§ **Collected data**
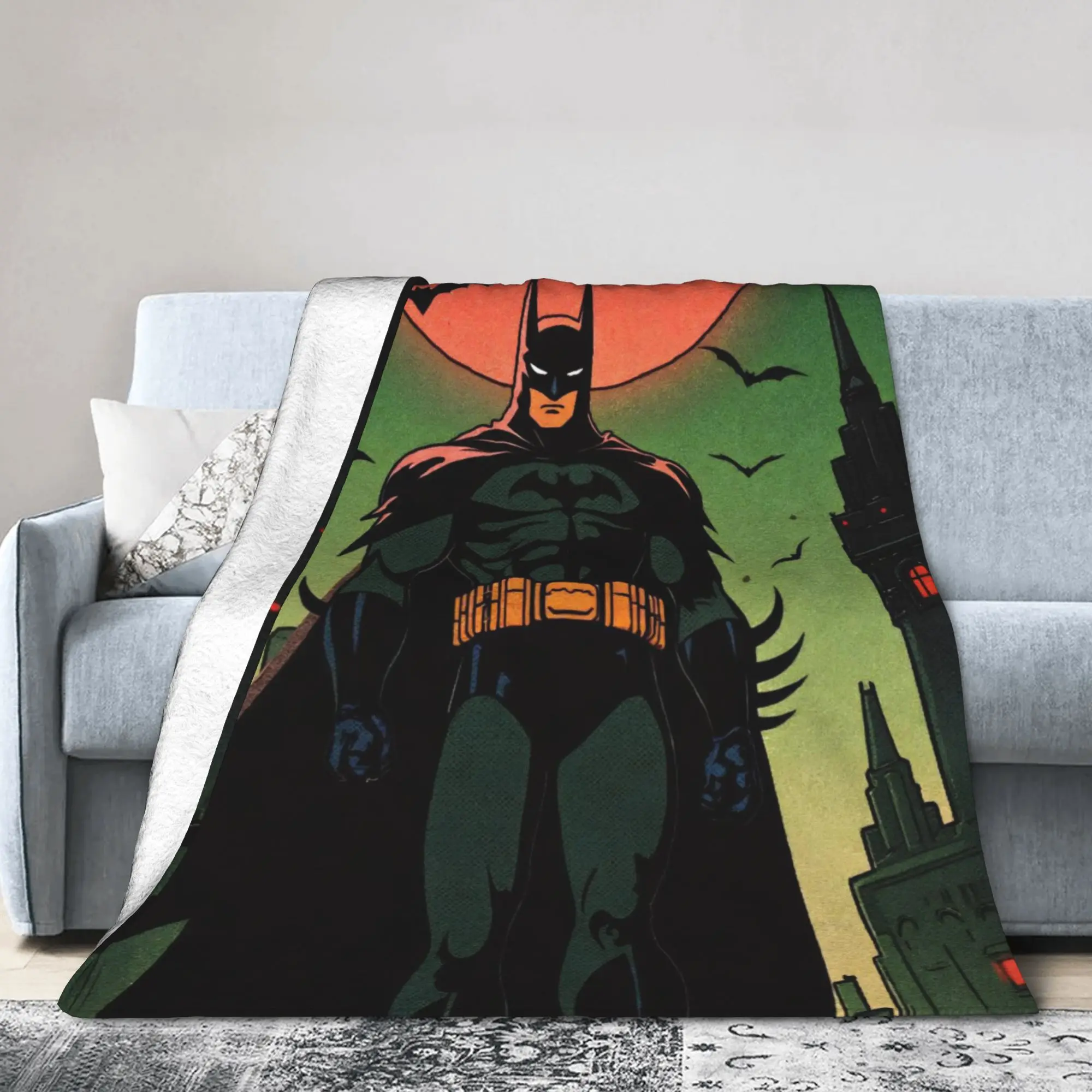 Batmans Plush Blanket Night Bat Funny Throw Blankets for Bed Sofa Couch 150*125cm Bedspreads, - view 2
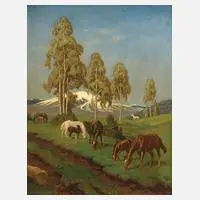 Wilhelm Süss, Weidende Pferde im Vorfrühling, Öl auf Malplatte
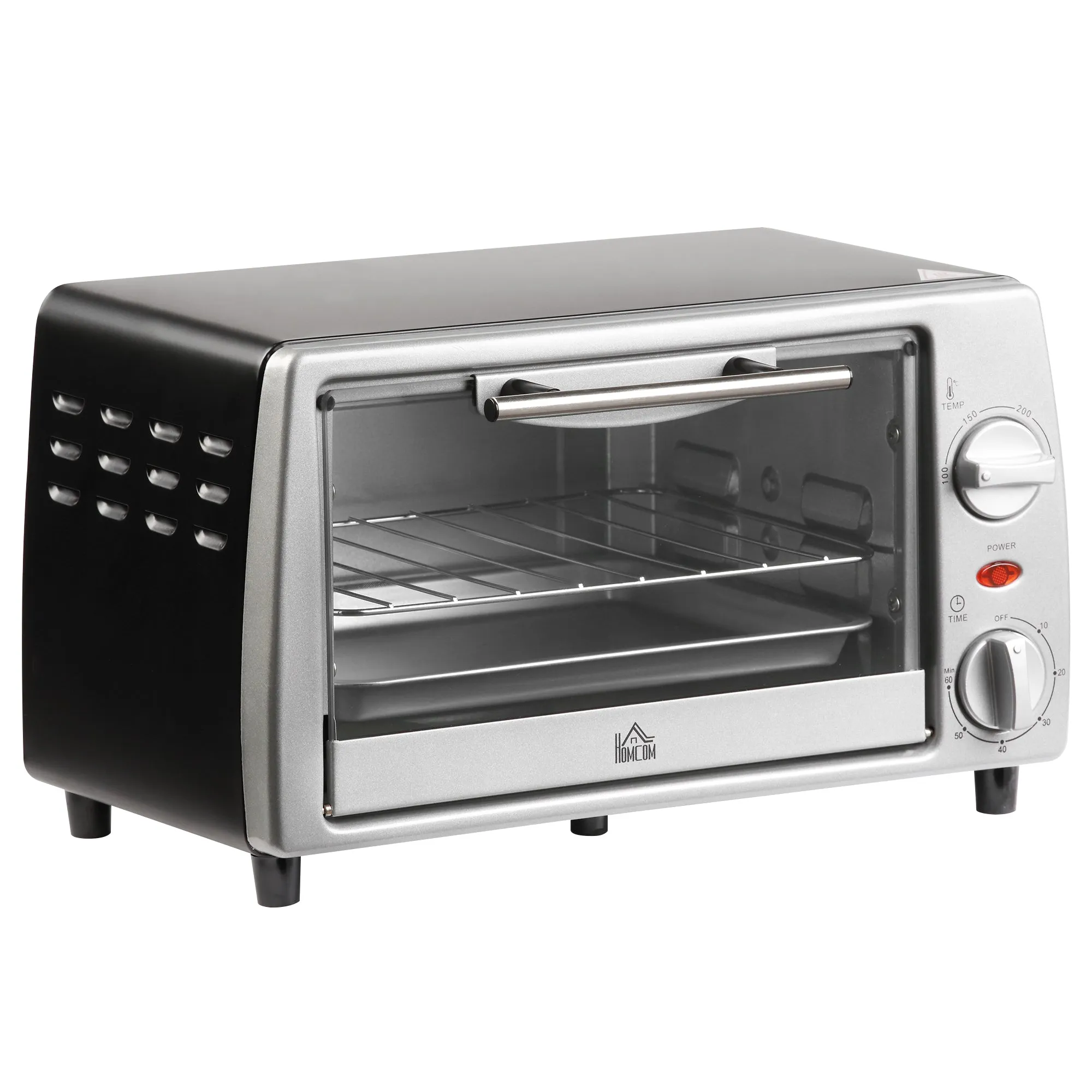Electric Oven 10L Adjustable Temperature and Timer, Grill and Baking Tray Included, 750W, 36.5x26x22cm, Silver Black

§ **How to complete this task**
Starting with the line that holds "Wilhelm Süss, Weidende", transcribe exactly each line through the last one of the material above, and nothing else. Do not include pictures.

§ **Task output**
 Wilhelm Süss, Weidende Pferde im Vorfrühling, Öl auf Malplatte
Electric Oven 10L Adjustable Temperature and Timer, Grill and Baking Tray Included, 750W, 36.5x26x22cm, Silver Black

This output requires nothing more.